(Exercise details) Of the material below, the lines to be retyped are those from the line containing "perlaburns Miss Gros Seins" through the line containing "2020 Chevrolet Colorado 4WD Work Truck", inclusive; reproduce them exactly.

(Input records)
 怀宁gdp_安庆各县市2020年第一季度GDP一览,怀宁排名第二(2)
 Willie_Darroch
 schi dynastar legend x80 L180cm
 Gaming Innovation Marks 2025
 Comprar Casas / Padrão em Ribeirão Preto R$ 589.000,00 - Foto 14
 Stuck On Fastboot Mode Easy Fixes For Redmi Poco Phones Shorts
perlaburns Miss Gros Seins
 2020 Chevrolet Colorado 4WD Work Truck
--
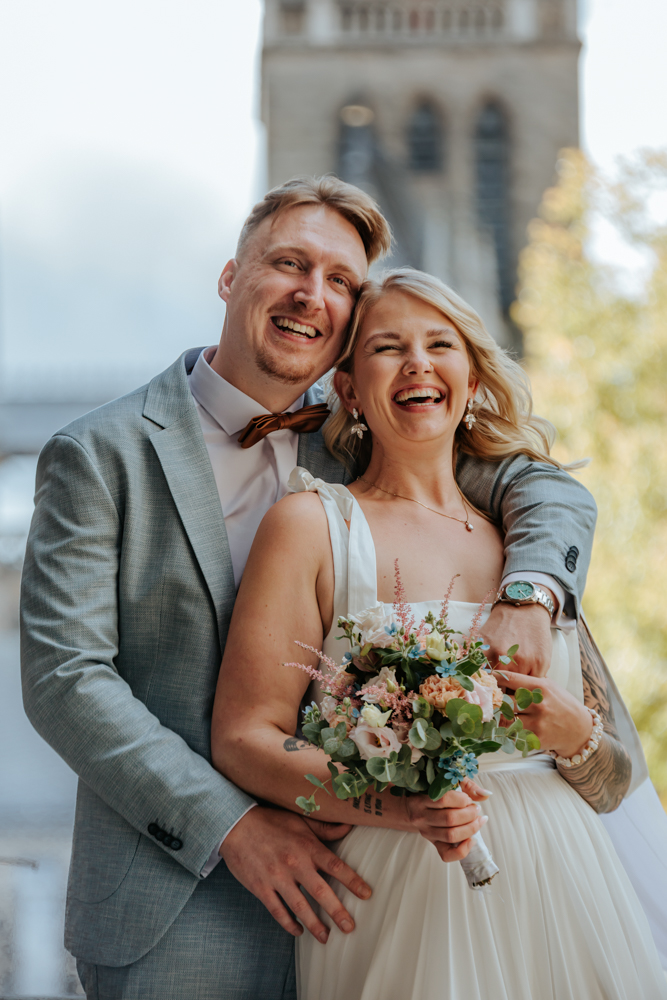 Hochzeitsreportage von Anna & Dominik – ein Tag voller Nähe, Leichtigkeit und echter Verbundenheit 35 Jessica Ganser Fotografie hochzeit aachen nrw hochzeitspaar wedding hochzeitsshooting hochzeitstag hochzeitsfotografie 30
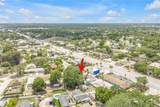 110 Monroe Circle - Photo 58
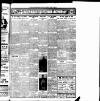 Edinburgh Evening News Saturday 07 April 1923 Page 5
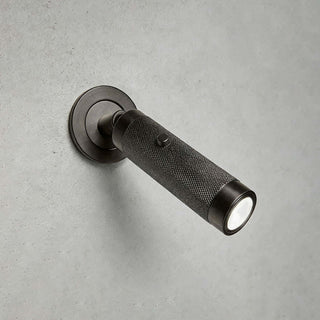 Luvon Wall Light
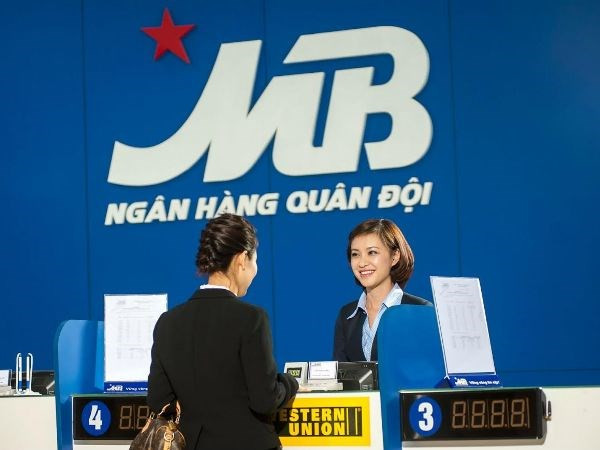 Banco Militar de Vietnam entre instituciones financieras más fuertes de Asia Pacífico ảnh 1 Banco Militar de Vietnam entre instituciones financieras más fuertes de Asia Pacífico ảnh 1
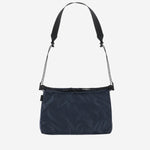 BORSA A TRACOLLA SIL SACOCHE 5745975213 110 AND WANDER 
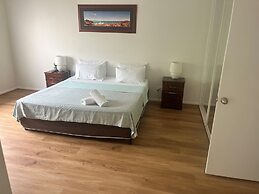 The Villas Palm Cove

(Answer to this task)
perlaburns Miss Gros Seins
 2020 Chevrolet Colorado 4WD Work Truck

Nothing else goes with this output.